A carbon capture and storage (CCS) facility near Edmonton has reached a milestone that ranks it the highest of its kind in the world.
The Quest project has stored four million tonnes of carbon dioxide underground since operations started four years ago, more than any other onshore CCS facility with dedicated geological storage, according to data from the Global CCS Institute.
Quest is part of the package of assets that Canadian Natural Resources Limited acquired a majority stake in from Shell Canada and Marathon Oil for $12.74 billion in 2017.
The project is connected to the Scotford Upgrader, which is integrated into Shell’s Scotford refining complex, and as such, Shell continues to be the operator.
The $1.35-billion Quest facility was built with support from the provincial and federal governments; in 2011 Alberta committed $745 million to help fund Quest, which was followed by $120 million from the Government of Canada.
Shell says that the is performing better than expected on a number of metrics including its operating costs and its ability to both capture and store CO2.
“From a technological perspective, I think we’ve de-risked it to a large extent. It’s a very, very safe operation. The real challenge, to be honest, for CCS and CCUS is really more on the business and economics side,” Shell CCS advisor Anne Halladay told JWN.
“This is a new industry and currently it needs some sort of incentive here in the province and globally to get going, but we’re working to get rid of some of those business barriers to deploy more.”
Halladay said that in the early stages of Quest project development, Shell thought it was going to cost significantly more to build and operate, although she admits that the company was conservative in its projections.
“I think what we’ve been able to demonstrate over the past four years is that our costs are coming down. Initially in the project phase 5-10 years ago we thought it was going to cost us about $120/tonne to build and operate this facility. Now we’re finding that costs are more around $80/tonne, so that’s super significant,” she said.

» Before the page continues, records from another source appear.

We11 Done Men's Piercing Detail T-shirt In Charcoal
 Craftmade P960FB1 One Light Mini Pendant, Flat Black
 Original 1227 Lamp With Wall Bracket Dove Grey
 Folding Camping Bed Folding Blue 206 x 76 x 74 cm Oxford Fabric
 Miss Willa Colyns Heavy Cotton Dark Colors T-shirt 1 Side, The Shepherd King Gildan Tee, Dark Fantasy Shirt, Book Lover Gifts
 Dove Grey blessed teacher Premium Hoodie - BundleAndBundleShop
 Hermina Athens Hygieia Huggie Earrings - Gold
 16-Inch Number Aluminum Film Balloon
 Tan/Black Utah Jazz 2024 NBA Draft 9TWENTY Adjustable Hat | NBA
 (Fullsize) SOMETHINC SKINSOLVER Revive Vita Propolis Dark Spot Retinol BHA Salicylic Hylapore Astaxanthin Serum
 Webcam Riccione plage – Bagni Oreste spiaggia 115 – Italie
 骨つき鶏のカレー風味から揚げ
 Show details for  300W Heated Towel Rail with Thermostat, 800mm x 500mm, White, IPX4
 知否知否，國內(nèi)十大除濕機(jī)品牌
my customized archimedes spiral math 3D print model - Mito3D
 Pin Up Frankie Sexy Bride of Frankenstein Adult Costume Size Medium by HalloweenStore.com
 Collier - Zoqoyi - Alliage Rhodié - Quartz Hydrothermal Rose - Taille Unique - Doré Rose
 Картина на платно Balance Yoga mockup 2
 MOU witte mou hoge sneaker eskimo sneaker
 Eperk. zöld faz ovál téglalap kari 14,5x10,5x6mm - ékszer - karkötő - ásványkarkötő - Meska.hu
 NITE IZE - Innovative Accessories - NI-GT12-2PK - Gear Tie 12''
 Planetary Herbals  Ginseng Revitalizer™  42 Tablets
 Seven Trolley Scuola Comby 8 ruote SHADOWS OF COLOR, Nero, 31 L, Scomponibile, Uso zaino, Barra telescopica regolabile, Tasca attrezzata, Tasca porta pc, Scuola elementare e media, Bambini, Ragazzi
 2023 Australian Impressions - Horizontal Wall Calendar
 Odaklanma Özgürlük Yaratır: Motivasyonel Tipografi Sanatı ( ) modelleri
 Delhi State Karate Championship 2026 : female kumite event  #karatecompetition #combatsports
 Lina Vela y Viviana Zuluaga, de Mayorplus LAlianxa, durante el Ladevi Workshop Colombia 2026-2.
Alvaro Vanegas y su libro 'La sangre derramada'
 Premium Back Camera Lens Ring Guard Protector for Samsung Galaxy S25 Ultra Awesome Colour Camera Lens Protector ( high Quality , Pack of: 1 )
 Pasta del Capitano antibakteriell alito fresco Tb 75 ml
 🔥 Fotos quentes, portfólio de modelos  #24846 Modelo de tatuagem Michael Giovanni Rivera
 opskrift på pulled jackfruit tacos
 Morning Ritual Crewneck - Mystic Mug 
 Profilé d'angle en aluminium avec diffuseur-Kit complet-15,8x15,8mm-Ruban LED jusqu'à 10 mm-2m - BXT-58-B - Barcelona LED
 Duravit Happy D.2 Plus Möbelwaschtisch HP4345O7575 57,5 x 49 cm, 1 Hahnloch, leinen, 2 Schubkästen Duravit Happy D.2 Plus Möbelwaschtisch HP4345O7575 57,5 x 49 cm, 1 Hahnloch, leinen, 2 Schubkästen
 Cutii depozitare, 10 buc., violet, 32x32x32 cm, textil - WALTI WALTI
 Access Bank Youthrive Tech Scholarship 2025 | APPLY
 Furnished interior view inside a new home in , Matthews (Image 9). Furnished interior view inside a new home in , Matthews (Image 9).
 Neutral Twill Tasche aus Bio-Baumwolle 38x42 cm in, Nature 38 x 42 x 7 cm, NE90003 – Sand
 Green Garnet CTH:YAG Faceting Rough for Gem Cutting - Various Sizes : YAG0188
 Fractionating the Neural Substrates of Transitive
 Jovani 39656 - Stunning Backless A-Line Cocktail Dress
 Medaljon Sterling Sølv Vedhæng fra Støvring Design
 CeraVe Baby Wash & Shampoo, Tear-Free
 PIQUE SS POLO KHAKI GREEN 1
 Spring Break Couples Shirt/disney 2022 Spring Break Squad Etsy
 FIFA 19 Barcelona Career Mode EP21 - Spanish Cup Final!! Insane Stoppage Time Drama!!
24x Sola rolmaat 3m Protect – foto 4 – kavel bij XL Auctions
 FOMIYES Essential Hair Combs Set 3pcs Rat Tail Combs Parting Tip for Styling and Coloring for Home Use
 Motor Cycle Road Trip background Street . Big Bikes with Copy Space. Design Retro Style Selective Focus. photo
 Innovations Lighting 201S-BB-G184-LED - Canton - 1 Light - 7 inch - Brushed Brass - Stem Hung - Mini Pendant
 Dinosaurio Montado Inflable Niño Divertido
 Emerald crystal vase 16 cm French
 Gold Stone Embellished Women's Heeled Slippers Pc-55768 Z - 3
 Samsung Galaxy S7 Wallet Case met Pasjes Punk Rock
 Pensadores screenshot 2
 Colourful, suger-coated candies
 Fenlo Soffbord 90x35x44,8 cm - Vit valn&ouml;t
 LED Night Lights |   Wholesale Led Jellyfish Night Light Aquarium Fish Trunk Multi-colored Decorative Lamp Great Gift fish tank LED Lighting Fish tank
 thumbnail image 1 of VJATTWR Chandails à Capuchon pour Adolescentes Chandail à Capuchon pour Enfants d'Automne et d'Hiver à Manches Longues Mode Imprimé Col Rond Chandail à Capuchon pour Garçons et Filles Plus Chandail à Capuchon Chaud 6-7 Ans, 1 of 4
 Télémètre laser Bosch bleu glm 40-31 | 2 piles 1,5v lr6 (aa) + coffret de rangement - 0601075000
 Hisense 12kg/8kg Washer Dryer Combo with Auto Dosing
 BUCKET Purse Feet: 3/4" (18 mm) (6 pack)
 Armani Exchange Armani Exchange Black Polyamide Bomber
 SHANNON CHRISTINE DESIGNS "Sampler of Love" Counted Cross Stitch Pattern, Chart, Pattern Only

“If we did this again, we think we could even get that lower to $60/tonne.”
That’s also an estimate of the cost to replicate the Quest CCS facility and not for a carbon capture, utilization and storage (CCUS) project that involves a commercial use for the carbon dioxide - something like the Alberta Carbon Trunk Line.
The $900-million ACTL project is currently under construction and expected to start operating in 2020.
When completed, it will be the world’s largest CO2 pipeline. The 240-kilometre pipeline will collect captured CO2 from a fertilizer plant and the new Sturgeon Refinery near Edmonton, and pipe it to mature conventional oilfields near Clive, Alberta.
It is estimated that the CO2 from the pipeline will allow producers to wring an additional one billion barrels of light oil out of mature, largely depleted reservoirs.
ACTL is also expected to sequester up to 1.8 million tonnes of CO2 per year.